• Your goal
Beneath this instruction is a block of data; output from it exactly the lines that run from the one containing "3374 Palm NW Circle, Kennesaw, GA 30144" through the one containing "Santiago 5 marzo 2023", inclusive.

┌─ Data in this exercise

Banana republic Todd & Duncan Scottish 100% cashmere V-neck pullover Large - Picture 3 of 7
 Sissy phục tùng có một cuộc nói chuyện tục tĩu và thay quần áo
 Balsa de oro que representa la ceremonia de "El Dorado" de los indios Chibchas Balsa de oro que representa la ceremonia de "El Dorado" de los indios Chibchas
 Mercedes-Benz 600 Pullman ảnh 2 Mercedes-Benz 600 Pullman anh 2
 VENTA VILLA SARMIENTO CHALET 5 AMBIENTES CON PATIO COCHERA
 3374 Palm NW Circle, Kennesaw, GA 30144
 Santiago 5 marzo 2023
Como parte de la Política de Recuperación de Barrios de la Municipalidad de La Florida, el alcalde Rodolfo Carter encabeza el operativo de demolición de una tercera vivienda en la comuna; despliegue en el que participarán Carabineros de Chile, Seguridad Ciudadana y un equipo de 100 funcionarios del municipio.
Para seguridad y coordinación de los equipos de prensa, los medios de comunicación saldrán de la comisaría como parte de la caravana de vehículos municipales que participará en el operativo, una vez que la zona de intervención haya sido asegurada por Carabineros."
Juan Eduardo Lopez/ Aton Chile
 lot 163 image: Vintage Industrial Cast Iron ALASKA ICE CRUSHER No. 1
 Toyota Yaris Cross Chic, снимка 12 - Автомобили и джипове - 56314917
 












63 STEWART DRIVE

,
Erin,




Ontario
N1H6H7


└─

• Task answer
 3374 Palm NW Circle, Kennesaw, GA 30144
 Santiago 5 marzo 2023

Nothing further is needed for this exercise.